# Is this normal driftwood fungus or BBA?



## kamikazi (Sep 3, 2010)

that looks like what I had on my stump....check out my thread "any thoughts as to what this is"

It freaked me out so I took out the stump and replaced it with a oak branch.


----------



## Master Se7eN (Aug 23, 2010)

Pull it out and soak it in bleach water mix. If you still have issues, I'll buy the wood. Send me a pm. looks like fungus from the wood, but the only way to find out is to soak it, wash it and put it back in the tank. like I said if you still have problems, send it to me and I will treat it. I'll either send it back when I'm done or keep it your choice. Just send me a PM...


----------



## rickztahone (Jul 20, 2009)

that's regular dw fungus. get some otto's


----------



## chiefroastbeef (Feb 14, 2011)

Thanks guys for the suggestions.
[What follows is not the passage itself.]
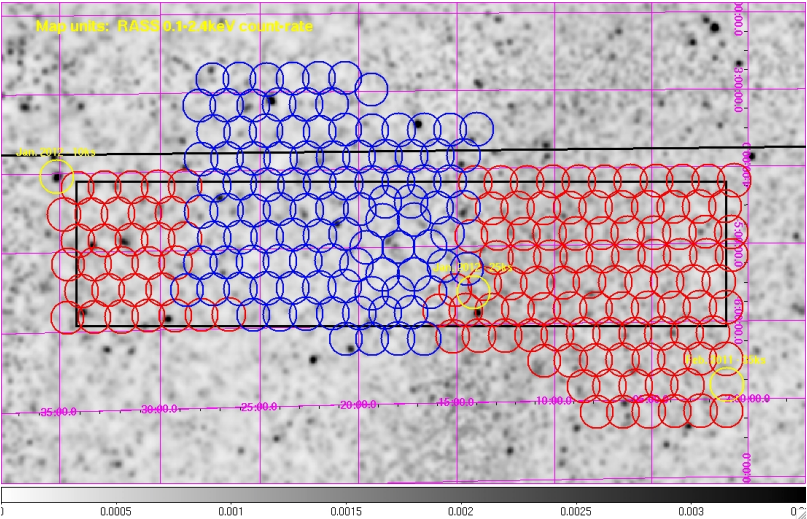 XMM Observations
I am away in Manila right now, so I will see how it does when I get back. I've had no luck with Otos, killed 7 already...


----------



## kamikazi (Sep 3, 2010)

yeh otos didn't touch the stuff I had.


----------



## Gatekeeper (Feb 20, 2007)

That is not BBA. Looks like either fungus or starting conditions thread algae. Manually remove as much as you can if its unsightly.


----------



## Vancat2 (Jun 23, 2010)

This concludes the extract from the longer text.